Another aspect is that as a society we are moving from materialistic to post-materialistic values, when employees are asking not only for a reasonable salary but also for meaningful work with career growth and participation.
Globalization and establishment of companies on international markets make value-based work more important than ever. This comes into focus in situations like takeovers and mergers. To concentrate on economic and organizational changes only, and underestimate a clear communication of what we stand for, can lead to a costly and lengthy integration process.
Value-based work is significant for how a multinational company establishes its operations on the global market. There are challenges and cultural differences that apply across countries, which need to be taken in to account.
An ideal way to create company values is to start with the employees, and work based on their perceptions and wishes.
However, this approach is not possible in big multinational companies, where values are already established and well defined and, in the best case, complete the company’s vision. Value-based work is focused more on implementation and right interpretation of values – and we have to be aware that words and values can have different meaning in another country.
The values should be firm and consistent and not customized/adjusted depending on culture. The company also has to have a solid communication plan to ensure that all employees understand the meaning of words, at the same time allowing for some space when interpreting the values.
Communication is crucial. Bad interpretation and poor understanding of other cultures leads to lower effectivity when expanding to new countries. Problems in communication need to be identified and solved at an early stage by investing in multicultural training to save money and problems in the long run, and increase productivity and reduce attrition.
When establishing a company in a new country, it is crucial to have the core values well formulated and crystal clear, as there is usually a large recruiting activity in the country and core values might be one of the reasons why candidates are looking for a position with the company. Multinational companies need to dedicate more time and effort to interpreting core values in the right way. In the first place, it might be the language – core values are often in English and it is important that the meaning is not lost or changed in translation.
Ethical values are grounds for our understanding about what is right.
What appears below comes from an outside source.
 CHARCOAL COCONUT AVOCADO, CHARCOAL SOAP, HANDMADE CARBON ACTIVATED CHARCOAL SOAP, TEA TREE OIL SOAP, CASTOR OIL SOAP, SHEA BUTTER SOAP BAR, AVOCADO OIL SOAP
They decide what alternative we choose when we act and form the base of our norms.
Micro management is not needed.
Today, we are asking our employees to act independently, prioritize and take their own initiatives. However, they need clear guidance in terms of goals, purpose and vision, and ethical values. Core values need to be clear, understood and accepted by all. That gives the employees the freedom to act independently within the given framework, and find the best solutions to their work tasks. Micro management is not needed.
The most important part is that management is committed. If the managers don’t work actively with their employees and lead by example, words become empty shells without meaning.
A significant aspect is new recruitment. Recruiters need to make sure that the values of candidates are in accordance with company values. People are sociable creatures and want to associate with other people with the same base. All good recruiters are aware that, today, young people, in interviews, are asking about company values, want to know how a company acts in some ethical situations, what the company’s environmental policy is, etc. Those factors are as important for them as salary, and if we want to attract the best talent, we have to offer guiding principles in accordance with their own perception about integrity and ethics.
A common ground helps to make right decisions, collaborate and accomplish optimal results.